During the hurricane season, the news media often reports forecasted losses even before a storm makes landfall. The same was not true during the epic blizzards that impacted the Mid-Atlantic states earlier this month. While there were a number of reports regarding damage to individual structures, few estimates were made regarding aggregate damages.
Official loss estimates for the storms will not be available until next week, but preliminary estimates reported by P&C National Underwriter Magazine peg the total at a minimum of $2 Billion. Each storm is being categorized as a separate catastrophe since each storm is likely to result in at least $25 million in insured losses.
Most of the losses are expected to come from roof damage, broken pipes, and ice dams forming in rain gutters which often result in flooding of structures.
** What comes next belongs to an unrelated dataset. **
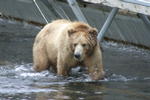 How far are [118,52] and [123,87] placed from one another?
4.18 m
Many structures in the Mid-Atlantic and South are not constructed with enough strength to withstand the types of snow loads experienced in recent weeks. Warmer temperatures have returned to the region in recent days which has helped with snow melt.
Business interruption insurance is likely to generate significant losses. Many areas of the Mid-Atlantic were crippled for days which prevented workers from commuting. Many retail businesses had empty shelves for close to a week due to resupply problems caused by snowbound roads.
Winter storms typically cause $1 Billion in damages each year and are the third largest cause of catastrophe losses behind hurricanes and tornadoes.